Here’s a situation I’m fairly certain every one of us has experienced:
You have a task to do, something that should get done soon. The sooner, the better. The first day you remember, you plan to do it. However, something comes up that day and you don’t get it done.
You feel some anxiety about not getting it done. Every time you think about this task, there’s anxiety associated with doing it. There’s self-imposed pressure to get it done. Days pass by and you forget to do it. Every time you have free time, the task is forgotten. It always pops up as a reminder at the wrong time, adding a little bit of stress to your mental state.
You are procrastinating.
One day you decide enough is enough. You force yourself to sit down and knock the task off. During and upon completion, you realize it wasn’t nearly as bad as you thought it would be.
Why does this happen
It feels silly when it gets completed. Whenever this happens to me, I feel as if I’ve wasted a good amount of time and energy thinking about and stressing over the task - given the true difficulty of performing it.
First, what is procrastination? Let me try to formalize it in a useful way.
Procrastination is a pattern of emotional avoidance where an attempt is made to avoid an emotion by refraining from the action that the emotion is associated with.
In other words, the feeling is what is being avoided, not the action itself. The most insidious part? Most of the time that feeling is anxiety over not doing the thing, like in the situation above. It looks something like this:
It’s a positive feedback loop that usually continues until you:
Forget about doing it.
Are forced to do it by a deadline.
Recognize the loop.
Those are the three options. (1) will be the most prolonged and anxiety-inducing, (2) the next most. (3) is the ideal first step - though there’s still some work to do.
After recognizing the loop
Recognizing the loop sounds great, but it doesn’t nullify the emotional experience that still exists due to the attached anxiety. In my experience, explaining logic to emotions doesn’t work.
What I suggest here is that the emotion is targeted, not the action. The action is only daunting because of the emotion itself, so the loop can be broken by fixing the emotional avoidance first.
Start by acknowledging the action itself. This will likely bring up a lot of anxiety, fear, shame, guilt, or whatever other emotion was connected to the action. Recognize that these are separate from the action. Allow them to exist - try to sink into them and feel them fully. Watch as they slowly subside in your mind and body.

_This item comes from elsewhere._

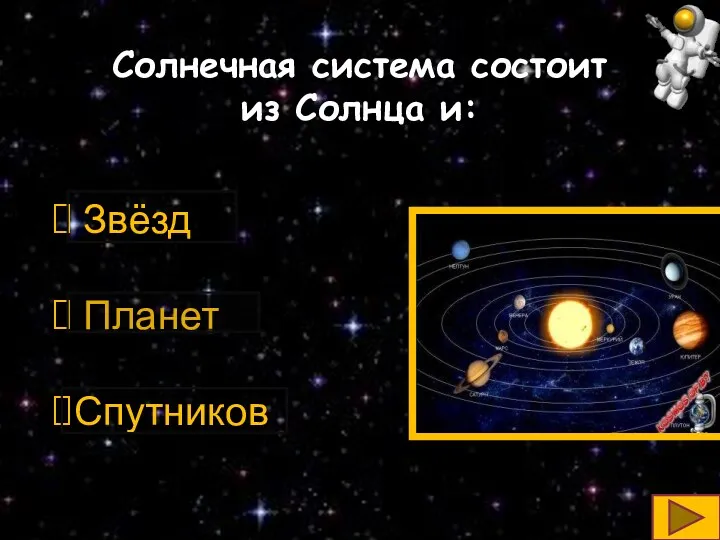 Солнечная система состоит из Солнца и: Звёзд Планет Спутников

If you feel ready to take on the task, go ahead and do it! If not, notice again what comes up when you think about doing it. Continue this process and see that the response gets weaker and weaker. Finally, you should be able to start your task with almost no friction.
Why
Why not force the action? First, it may not work in getting the action done, if the response is high enough.
The other, bigger issue is that in forcing the action, we are still avoiding the same emotion, just in a new way. Upon completing the task, anxiety has not been processed and therefore does not go away. Instead, it remains as chemicals in the body, waiting for the next stray thought to attach to. This starts a whole new cycle of procrastination. Just feel it.